(Data entries)
====
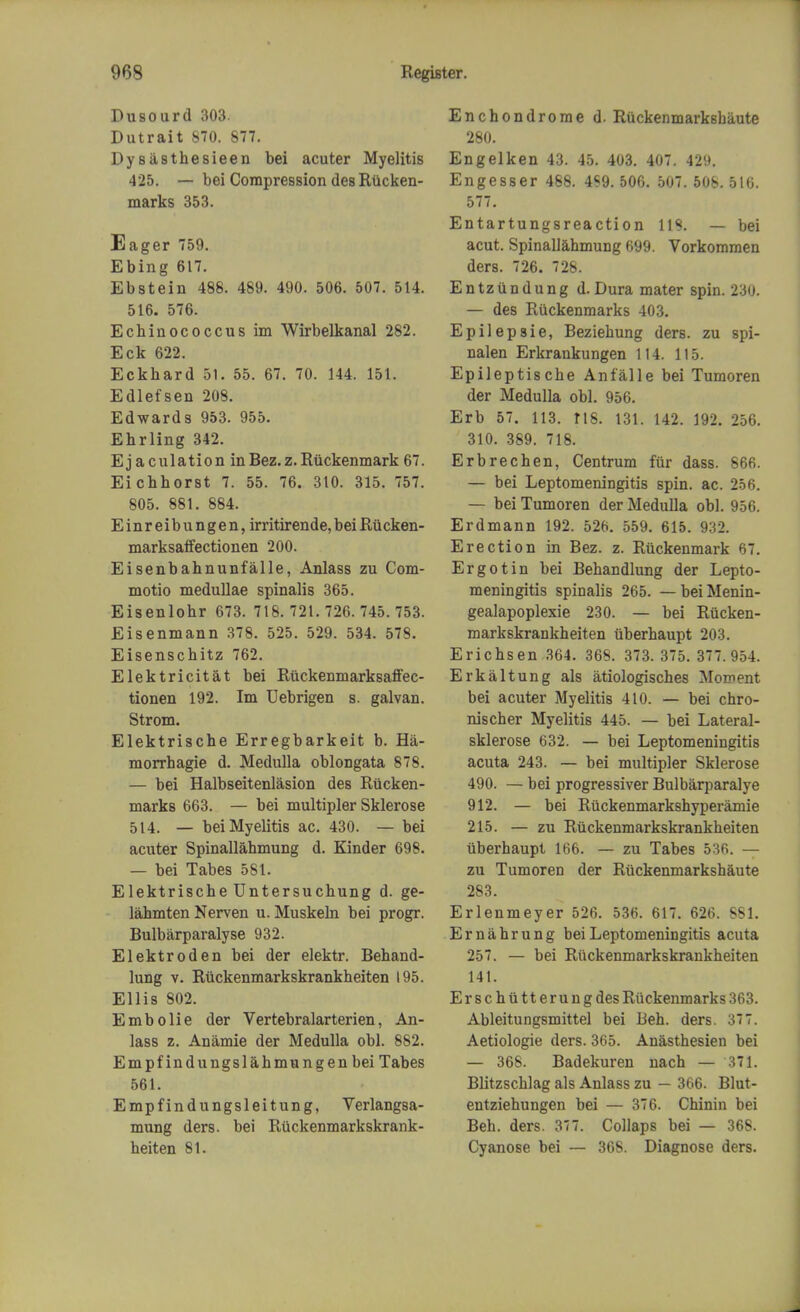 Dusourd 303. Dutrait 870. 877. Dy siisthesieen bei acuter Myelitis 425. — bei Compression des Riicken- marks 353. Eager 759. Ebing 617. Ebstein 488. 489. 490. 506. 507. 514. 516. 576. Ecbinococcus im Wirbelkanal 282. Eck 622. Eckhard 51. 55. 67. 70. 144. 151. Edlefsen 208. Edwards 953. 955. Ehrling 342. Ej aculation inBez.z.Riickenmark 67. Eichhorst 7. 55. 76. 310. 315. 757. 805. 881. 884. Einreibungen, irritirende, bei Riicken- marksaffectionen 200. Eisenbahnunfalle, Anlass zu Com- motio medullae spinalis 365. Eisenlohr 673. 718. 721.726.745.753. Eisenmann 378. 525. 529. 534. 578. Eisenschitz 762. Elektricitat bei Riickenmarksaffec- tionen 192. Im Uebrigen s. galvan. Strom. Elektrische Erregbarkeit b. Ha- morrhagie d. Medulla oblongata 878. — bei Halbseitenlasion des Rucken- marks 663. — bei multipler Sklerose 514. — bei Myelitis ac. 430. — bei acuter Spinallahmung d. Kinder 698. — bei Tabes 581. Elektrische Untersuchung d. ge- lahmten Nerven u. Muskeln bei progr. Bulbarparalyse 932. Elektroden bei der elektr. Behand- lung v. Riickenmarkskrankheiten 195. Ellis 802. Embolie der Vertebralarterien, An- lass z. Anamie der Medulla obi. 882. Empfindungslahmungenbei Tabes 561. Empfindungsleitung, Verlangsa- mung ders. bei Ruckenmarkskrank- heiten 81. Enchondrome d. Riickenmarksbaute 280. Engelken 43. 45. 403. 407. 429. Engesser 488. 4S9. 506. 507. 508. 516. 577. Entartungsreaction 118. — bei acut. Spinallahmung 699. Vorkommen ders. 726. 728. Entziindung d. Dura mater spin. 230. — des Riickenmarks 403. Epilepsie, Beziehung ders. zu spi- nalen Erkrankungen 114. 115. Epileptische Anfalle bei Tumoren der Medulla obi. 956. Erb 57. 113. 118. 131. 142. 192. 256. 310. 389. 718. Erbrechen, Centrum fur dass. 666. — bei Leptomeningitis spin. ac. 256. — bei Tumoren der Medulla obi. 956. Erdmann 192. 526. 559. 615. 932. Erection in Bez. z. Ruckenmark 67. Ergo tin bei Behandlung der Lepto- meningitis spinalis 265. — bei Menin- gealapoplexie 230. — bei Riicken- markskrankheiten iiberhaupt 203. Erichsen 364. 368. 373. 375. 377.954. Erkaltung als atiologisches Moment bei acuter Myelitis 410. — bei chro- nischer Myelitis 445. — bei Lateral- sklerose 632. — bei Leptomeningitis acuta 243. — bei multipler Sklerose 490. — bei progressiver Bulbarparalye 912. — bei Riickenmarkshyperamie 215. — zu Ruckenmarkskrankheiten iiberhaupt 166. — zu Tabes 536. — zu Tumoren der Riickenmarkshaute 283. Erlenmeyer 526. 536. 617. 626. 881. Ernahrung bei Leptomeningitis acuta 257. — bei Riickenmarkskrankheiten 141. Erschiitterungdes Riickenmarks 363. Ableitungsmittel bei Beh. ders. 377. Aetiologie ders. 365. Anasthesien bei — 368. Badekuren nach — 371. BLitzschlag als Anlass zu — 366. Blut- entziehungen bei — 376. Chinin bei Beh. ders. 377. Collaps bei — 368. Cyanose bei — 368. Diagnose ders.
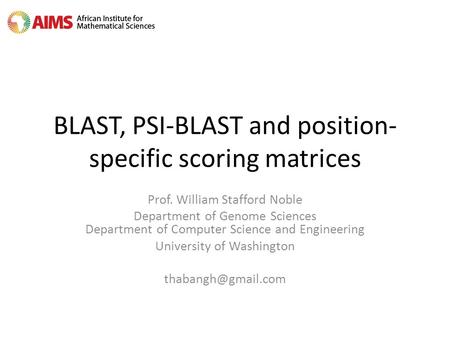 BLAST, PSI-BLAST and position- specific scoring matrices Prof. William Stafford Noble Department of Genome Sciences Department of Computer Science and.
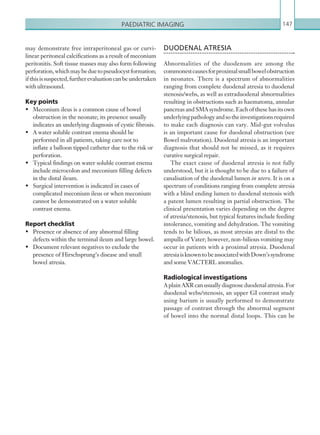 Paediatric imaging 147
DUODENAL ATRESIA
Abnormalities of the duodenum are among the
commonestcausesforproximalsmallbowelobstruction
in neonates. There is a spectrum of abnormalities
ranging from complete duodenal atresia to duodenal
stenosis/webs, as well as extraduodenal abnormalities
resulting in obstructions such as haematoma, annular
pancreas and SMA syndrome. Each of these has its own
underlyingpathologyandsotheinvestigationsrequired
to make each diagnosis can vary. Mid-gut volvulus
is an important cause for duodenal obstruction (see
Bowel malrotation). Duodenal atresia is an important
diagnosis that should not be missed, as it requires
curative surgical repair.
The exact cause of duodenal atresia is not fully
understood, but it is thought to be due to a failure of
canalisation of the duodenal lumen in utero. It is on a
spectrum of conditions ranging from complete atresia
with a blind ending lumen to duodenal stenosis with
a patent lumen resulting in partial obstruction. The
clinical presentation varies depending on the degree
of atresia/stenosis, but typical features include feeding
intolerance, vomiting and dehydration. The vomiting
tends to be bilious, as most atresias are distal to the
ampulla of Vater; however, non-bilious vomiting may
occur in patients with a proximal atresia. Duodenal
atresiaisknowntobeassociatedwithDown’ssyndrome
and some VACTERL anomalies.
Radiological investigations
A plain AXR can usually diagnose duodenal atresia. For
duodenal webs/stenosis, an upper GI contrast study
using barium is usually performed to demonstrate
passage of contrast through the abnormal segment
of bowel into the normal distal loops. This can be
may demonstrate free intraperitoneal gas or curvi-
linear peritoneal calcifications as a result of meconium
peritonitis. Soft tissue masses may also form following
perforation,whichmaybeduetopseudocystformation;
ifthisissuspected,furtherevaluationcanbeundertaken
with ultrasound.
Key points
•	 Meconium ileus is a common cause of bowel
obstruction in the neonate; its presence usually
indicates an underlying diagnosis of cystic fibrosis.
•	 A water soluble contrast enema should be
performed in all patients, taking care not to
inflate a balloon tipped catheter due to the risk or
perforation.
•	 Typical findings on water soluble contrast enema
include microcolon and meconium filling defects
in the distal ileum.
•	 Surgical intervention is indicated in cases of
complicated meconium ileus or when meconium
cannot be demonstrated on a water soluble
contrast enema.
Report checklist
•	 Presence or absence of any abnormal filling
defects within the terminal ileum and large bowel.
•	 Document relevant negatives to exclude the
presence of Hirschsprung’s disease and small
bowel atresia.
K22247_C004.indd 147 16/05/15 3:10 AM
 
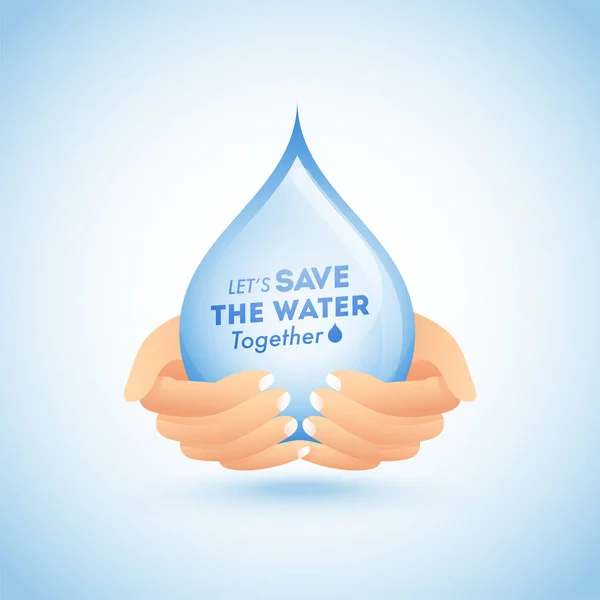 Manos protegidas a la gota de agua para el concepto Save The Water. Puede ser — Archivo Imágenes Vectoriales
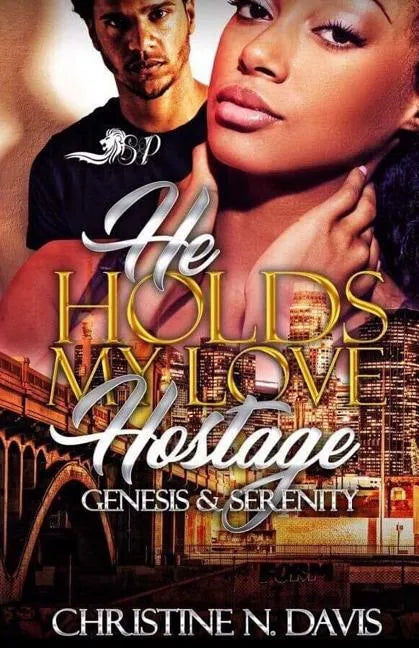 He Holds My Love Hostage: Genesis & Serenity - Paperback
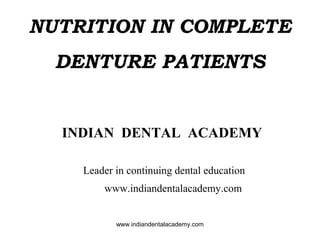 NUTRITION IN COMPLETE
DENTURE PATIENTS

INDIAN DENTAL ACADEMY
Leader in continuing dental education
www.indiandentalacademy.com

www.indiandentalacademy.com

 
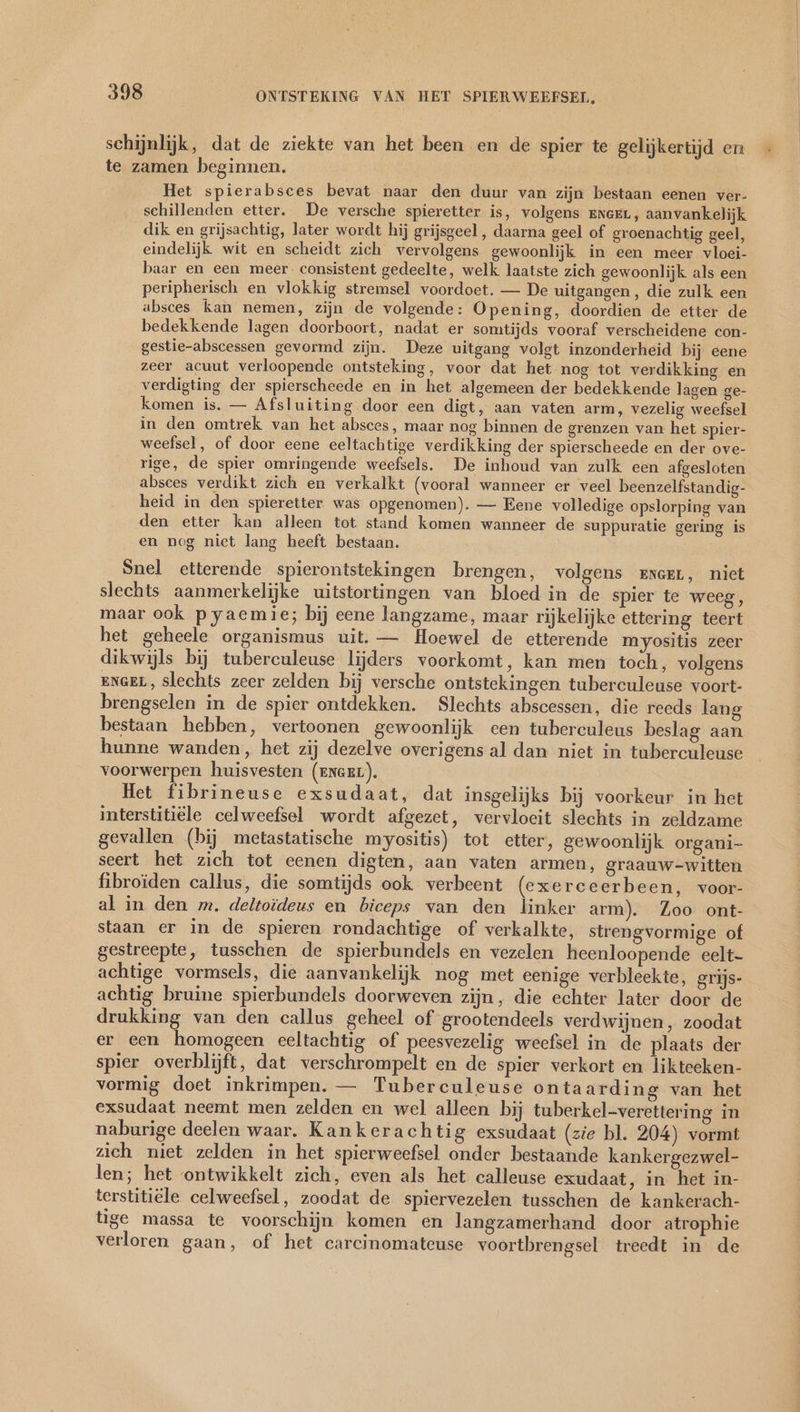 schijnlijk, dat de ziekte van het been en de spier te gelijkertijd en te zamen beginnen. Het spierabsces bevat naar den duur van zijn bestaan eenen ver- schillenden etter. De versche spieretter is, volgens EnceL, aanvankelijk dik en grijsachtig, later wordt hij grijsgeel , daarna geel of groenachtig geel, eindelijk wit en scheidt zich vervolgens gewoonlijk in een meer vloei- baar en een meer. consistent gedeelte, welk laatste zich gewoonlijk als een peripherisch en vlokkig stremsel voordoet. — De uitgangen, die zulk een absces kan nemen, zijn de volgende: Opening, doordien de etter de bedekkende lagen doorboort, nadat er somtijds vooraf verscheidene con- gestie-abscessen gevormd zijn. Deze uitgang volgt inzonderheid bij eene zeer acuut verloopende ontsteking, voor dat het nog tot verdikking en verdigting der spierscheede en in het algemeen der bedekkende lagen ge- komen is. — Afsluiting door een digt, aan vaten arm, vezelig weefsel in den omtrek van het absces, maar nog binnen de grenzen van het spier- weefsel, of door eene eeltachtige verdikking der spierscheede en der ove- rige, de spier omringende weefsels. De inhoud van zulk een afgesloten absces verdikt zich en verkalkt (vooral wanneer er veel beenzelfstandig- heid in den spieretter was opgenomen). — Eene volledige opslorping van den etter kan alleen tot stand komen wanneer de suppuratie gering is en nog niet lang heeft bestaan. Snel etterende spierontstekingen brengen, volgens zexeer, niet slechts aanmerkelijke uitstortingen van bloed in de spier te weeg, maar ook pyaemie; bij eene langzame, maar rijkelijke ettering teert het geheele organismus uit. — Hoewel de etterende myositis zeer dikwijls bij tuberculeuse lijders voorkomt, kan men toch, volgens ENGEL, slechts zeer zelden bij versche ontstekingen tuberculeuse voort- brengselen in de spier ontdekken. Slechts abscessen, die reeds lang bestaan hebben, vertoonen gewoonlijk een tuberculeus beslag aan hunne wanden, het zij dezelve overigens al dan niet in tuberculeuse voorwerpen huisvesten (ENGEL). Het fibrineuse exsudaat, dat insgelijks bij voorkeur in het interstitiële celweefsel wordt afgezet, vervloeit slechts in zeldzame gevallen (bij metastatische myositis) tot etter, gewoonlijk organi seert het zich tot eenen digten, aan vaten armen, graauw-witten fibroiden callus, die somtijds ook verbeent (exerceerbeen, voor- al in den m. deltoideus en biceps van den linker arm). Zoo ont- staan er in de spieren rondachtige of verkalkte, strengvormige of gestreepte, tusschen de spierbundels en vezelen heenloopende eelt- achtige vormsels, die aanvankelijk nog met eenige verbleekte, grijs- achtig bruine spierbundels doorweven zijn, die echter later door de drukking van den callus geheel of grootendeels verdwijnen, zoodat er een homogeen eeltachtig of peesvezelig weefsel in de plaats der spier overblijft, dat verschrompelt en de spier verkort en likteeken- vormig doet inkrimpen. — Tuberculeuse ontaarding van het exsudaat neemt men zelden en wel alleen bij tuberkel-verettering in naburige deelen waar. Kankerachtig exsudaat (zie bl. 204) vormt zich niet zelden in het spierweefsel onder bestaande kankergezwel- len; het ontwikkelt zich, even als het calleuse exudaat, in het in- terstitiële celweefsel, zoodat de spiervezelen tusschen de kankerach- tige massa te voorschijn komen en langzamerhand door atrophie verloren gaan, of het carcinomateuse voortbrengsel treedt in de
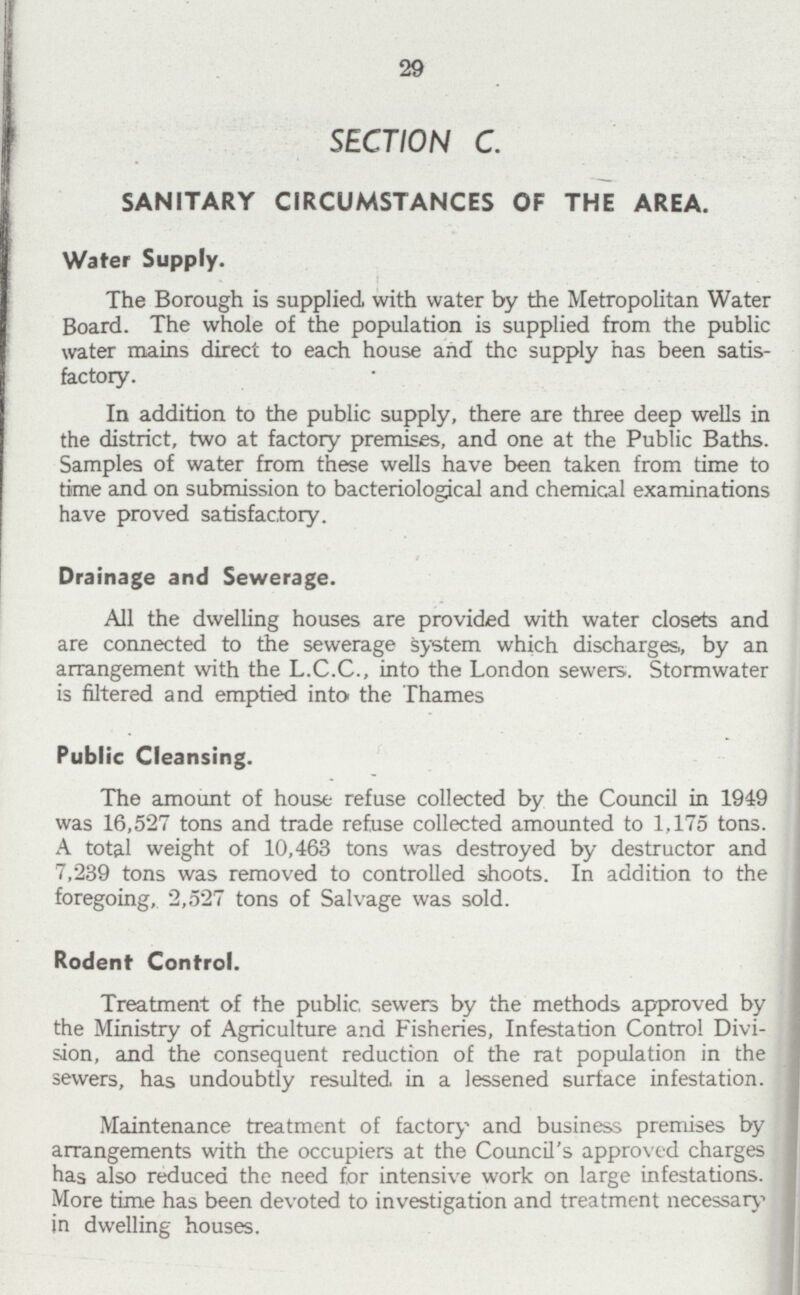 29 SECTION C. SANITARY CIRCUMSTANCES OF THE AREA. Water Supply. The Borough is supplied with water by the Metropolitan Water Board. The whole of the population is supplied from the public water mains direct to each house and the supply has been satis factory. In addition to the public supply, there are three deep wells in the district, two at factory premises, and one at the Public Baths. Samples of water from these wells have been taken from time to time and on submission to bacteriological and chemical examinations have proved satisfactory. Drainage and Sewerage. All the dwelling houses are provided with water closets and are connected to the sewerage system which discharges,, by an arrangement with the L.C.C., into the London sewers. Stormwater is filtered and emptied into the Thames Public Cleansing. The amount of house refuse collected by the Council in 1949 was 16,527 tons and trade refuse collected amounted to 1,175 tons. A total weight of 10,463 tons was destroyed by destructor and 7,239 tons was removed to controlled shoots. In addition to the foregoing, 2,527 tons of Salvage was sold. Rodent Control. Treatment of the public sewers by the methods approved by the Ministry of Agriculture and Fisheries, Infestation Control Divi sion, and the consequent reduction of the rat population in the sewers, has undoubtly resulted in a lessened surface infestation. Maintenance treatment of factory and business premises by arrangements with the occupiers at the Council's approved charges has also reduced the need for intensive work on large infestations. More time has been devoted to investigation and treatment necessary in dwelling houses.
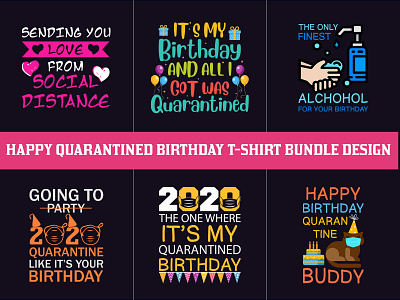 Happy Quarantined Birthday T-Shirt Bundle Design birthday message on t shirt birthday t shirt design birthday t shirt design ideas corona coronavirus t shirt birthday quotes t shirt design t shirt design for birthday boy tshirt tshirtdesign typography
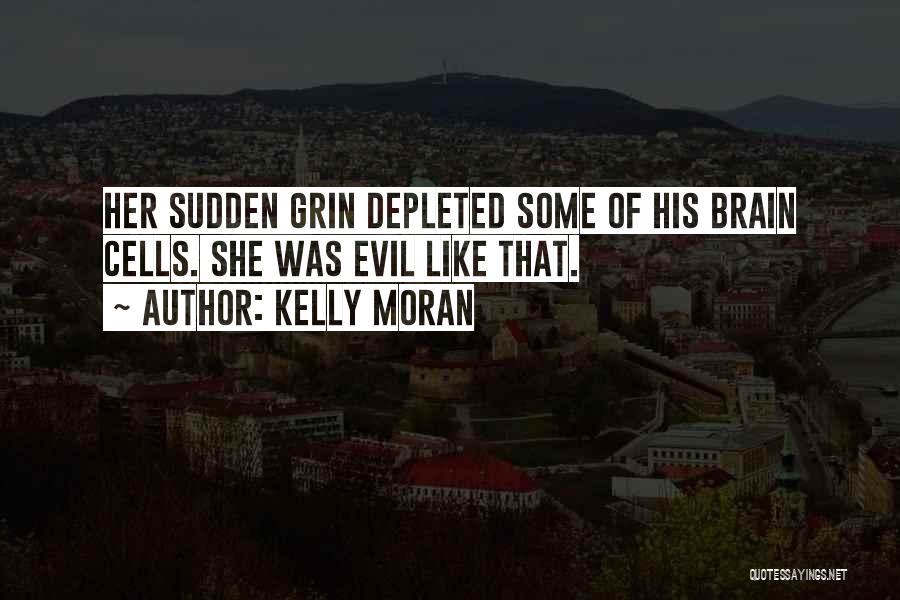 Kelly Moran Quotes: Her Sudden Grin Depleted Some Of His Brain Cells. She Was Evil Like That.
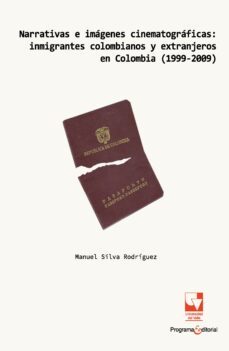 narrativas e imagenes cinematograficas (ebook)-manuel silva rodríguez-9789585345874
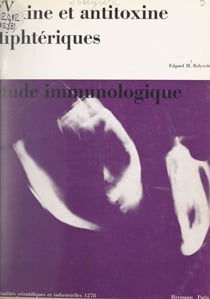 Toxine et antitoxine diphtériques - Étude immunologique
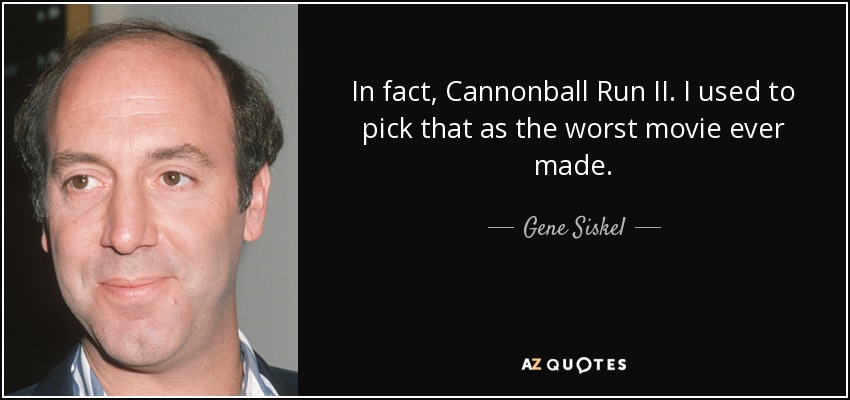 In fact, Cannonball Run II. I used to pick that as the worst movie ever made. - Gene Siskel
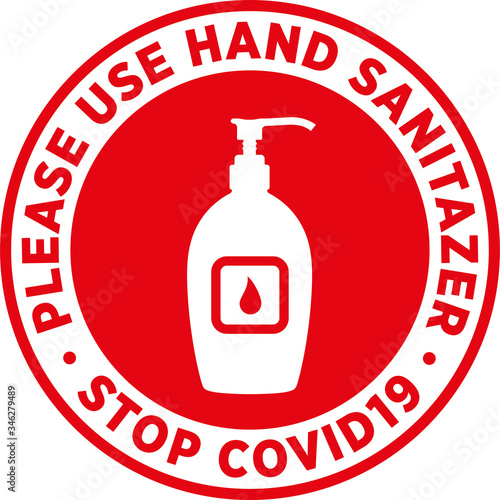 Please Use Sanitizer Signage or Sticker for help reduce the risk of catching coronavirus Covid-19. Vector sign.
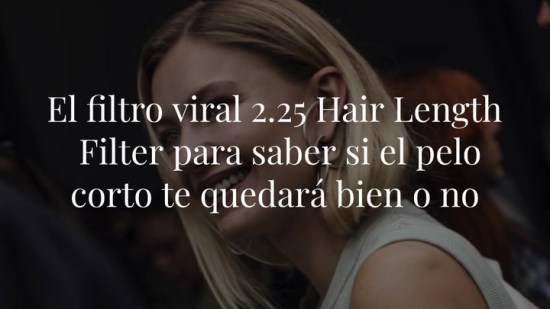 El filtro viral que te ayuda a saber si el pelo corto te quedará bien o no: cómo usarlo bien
====
▶ WHAT TO WORK ON
Every line holding the word "ileus" should be copied out of the records above.

▶ RESPONSE BELOW
•	 Meconium ileus is a common cause of bowel
complicated meconium ileus or when meconium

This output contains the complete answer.